Si, aujourd'hui, les pétitions sont devenues monnaie courante dans notre vie quotidienne et ont, de ce fait, perdu, pour la plupart, de leur force d'impact, il n'en est pas de même au 19è siècle où ce procédé est un véritable levier de pression pris très au sérieux par les autorités préfectorales. Cette pétition déclenche donc une véritable tempête dans la vie communale et conduit le Maire, Edouard Picquemard, à y répondre de « verte » façon lors d’un Conseil municipal de mars 1861. « Considérant que malgré les diverses délibérations, approbations et adjudications, des membres de la minorité du Conseil, dans le but, publiquement proclamé, d'entraver la décision de la commission municipale et de retarder l'exécution des travaux, d'une incontestable utilité, votés par elle, se sont faits l'auxiliaire de gens dont l'occupation constante est de paralyser les affaires communales, en colportant, et faisant colporter, de cabaret en cabaret, et de porte en porte, une pétition que l'auteur n'a pas cru bon de signer, adressée à Monsieur le Sous Préfet, dans le brut d'empêcher la démolition du clocher…que les motifs ne sont pas sérieux…alors que l'administration a pris des mesures pour que la cloche puisse annoncer, comme par le passé, les heures de travail , de repos et de réunion. Considérant que cette manière de procéder rappelle les jours néfastes de la Révolution de 1848…que les signatures racolées qui se trouvent en bas de cette pétition, fort peu nombreuses, sont, en partie, celles d'enfants ou d'ouvriers étrangers … »
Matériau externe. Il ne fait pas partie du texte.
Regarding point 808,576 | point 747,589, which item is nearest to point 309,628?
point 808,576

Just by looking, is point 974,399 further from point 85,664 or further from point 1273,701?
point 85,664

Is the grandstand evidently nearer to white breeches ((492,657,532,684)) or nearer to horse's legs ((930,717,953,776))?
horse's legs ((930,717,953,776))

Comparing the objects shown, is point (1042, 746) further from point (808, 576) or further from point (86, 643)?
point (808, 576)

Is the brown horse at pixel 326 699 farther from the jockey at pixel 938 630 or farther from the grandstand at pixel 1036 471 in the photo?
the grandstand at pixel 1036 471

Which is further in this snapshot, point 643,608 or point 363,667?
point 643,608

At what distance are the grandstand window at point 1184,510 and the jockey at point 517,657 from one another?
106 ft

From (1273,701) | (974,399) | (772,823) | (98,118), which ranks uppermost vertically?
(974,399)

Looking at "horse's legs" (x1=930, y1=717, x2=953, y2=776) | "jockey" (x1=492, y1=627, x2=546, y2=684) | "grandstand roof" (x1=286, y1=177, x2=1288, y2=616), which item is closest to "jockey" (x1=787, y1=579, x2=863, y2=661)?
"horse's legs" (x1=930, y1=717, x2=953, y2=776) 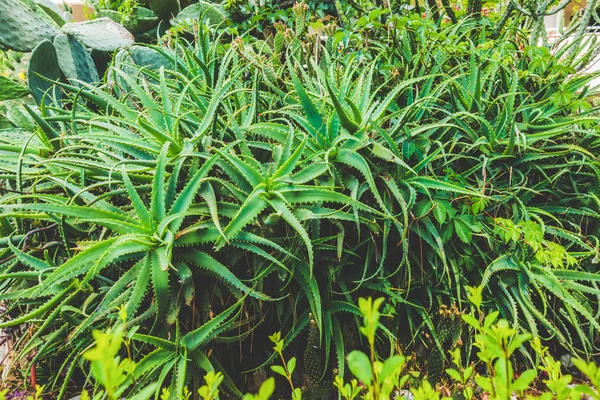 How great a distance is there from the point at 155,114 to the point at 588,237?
1.92 m

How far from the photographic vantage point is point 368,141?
1536mm

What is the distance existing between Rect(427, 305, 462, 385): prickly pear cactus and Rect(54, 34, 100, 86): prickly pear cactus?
2466mm

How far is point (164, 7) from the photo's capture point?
4316mm

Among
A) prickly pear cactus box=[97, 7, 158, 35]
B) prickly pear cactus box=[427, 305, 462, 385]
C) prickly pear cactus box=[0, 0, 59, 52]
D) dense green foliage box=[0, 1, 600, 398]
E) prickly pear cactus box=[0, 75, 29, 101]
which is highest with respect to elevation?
prickly pear cactus box=[0, 0, 59, 52]

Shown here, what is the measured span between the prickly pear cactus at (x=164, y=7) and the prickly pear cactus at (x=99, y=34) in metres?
1.48

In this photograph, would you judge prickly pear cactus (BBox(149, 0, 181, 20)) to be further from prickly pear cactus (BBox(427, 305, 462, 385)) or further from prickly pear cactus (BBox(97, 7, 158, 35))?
prickly pear cactus (BBox(427, 305, 462, 385))

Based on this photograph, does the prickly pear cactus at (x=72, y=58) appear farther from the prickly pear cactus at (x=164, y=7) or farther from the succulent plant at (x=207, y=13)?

Bref, le Conseil tient bon. L'ancienne église sera démolie et une nouvelle construite. Cependant comme tous les Conseillers municipaux ne sont pas d'accord sur le lieu, le Maire demande, une fois de plus, au Conseil de délibérer sur le sujet. C'est ainsi que vont être rejetées des propositions de reconstruction vers la ferme du Couvent, au Frémoy, place du Jeu de Paume et près de la rue de l’Orangerie.
Le 17 juillet 1861, la décision finale est prise et la somme de 80.976 francs est votée pour la construction de l'Église. Ce financement étant assuré par la vente d'un forêt  donnée à la commune, au 13è siècle par le Sénéchal Ancel de Garlande (voir Zoom Le blason de Torcy)
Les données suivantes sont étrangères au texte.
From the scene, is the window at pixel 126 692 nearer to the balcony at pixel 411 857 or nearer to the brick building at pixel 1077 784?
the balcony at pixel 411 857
Est-ce pour autant que les travaux commencent ? Que non ! Ceux-ci ne débutent qu'en 1863. Ils ne sont d'ailleurs pas sitôt commencés par l'entreprise Le Fere, de Rouen, que le Conseil décide, en mai, de changer le devis. Au lieu de mettre un plafond dans l'église, on va construire une voûte en carreaux de plâtre qui donnera « un cachet d'élégance » et une plus grande solidité à la toiture. Ce changement augmente la « note » de 15.000 francs. Et ce n’est pas fini ! Quelques mois plus tard, en août, le Conseil change encore les plans de construction. Au lieu de la forme carrée initialement prévue, la flèche du clocher sera octogonale. Le surcoût est alors de 20.000 francs, soit 25% de plus que le devis initial !

La seconde église prend « formes » ! 

En octobre 1863, une lettre est envoyée à l’empereur Napoléon III pour « solliciter de sa munificence » un bloc de marbre blanc d'environ 3 mètres cubes dans lequel sera taillé l'autel principal de l'église.
Pendant ce temps, l'abbé Méalnes, curé de la paroisse, se procure la somme nécessaire pour décorer les chapiteaux dont chacun porte un nom, celui de son donateur.
Le temps passe et les murs s'élèvent, lentement, il faut bien le dire !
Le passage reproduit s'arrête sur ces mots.